Anmerkungen für Redakteure
Methodik: Carbon Tracker hat die kombinierten Upstream-Projektportfolios der sieben größten Konzerne im Öl- und Gassektor analysiert. Dabei wurde der Nettobarwert ihrer BAU-Projektpipeline mit dem NPV (engl. „net present value“) von nur kostengünstigeren Projekten verglichen, der gemäß dem 450-Szenario der Internationalen Energie-Agentur (IEA) zur Nachfragedeckung in einer 2°C-Welt nötig sind.
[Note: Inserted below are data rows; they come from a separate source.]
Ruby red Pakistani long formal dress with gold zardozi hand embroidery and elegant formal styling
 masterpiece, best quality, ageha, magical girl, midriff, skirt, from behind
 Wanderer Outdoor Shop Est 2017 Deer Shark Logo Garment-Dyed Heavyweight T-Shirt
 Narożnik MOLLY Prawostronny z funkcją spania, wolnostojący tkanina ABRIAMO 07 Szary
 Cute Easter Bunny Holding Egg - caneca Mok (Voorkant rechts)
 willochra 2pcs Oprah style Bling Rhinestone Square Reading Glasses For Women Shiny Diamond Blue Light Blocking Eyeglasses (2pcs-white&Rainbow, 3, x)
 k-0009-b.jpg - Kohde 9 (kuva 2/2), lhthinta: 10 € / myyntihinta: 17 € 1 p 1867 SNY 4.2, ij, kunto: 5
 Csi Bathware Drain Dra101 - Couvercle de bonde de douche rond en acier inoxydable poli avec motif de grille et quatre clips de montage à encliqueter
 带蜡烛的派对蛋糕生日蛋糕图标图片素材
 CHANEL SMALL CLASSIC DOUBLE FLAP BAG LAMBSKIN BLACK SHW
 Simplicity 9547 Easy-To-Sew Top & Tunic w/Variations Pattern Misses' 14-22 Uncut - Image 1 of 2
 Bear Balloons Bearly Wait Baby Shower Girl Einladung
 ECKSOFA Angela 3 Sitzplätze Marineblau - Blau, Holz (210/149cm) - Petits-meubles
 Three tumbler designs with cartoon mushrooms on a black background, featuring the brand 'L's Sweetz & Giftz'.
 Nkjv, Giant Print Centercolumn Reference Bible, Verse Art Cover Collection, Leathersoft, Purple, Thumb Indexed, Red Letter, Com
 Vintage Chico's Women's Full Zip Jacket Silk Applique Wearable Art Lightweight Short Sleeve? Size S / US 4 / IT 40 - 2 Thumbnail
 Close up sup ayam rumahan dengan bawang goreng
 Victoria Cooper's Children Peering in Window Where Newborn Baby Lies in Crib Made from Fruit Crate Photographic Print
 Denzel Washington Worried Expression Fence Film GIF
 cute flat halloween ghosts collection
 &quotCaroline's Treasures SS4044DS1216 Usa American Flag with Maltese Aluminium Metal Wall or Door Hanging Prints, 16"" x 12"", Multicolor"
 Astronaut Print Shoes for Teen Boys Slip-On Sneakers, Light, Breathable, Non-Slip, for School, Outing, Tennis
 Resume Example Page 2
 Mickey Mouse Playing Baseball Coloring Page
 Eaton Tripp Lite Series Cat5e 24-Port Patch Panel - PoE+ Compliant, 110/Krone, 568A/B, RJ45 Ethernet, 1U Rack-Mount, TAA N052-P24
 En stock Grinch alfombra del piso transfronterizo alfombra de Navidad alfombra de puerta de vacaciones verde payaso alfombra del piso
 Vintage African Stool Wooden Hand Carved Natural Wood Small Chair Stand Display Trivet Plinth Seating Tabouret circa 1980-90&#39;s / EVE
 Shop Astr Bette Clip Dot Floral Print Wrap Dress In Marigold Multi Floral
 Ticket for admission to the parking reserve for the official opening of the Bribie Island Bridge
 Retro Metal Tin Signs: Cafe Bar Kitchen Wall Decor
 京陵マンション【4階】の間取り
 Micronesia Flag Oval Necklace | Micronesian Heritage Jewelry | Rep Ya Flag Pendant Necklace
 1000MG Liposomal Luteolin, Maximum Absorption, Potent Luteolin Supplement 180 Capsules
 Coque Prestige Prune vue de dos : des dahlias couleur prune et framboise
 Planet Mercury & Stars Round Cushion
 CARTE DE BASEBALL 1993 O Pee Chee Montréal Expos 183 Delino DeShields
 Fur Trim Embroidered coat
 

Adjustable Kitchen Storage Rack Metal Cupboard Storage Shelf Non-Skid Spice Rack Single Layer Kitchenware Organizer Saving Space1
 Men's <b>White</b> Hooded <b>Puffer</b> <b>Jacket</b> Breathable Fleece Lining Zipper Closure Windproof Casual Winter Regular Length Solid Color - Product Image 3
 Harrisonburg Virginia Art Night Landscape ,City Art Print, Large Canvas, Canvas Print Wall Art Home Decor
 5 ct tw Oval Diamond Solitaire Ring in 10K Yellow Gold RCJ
CTI führte eine Sensitivitätsanalyse mit unterschiedlichen Ölpreisen von bis zu 180 $ pro Barrel durch und wandte einen Diskontsatz von 10 % zuzüglich einer weiteren FFRP von 0,5 % auf das BAU-Portfolio an, um seiner höheren Volatilität Rechnung zu tragen.
Konsultation des Arbeitskreises für die Veröffentlichung von klimabezogenen Finanzergebnissen des Forum für Finanzstabilität
https://www.fsb-tcfd.org/survey/
Aktionärsanträge für Zwei-Grad-Stresstests:
Investoren, angeführt vom New York State Common Retirement Fund, Church of England, Wespath Investment Management, Vermont State Pension Fund, University of California President’s Office, Tri-State Coalition for Responsible Investment, Presbyterian Church USA, Mercy Investment Services und Nathan Cummings Foundation haben Anträge auf Durchführung von Zwei-Grad-Stresstests bei AES Corp, ExxonMobil, Chevron, Occidental Petroleum, Devon Energy, Noble Energy und der Southern Co. eingereicht.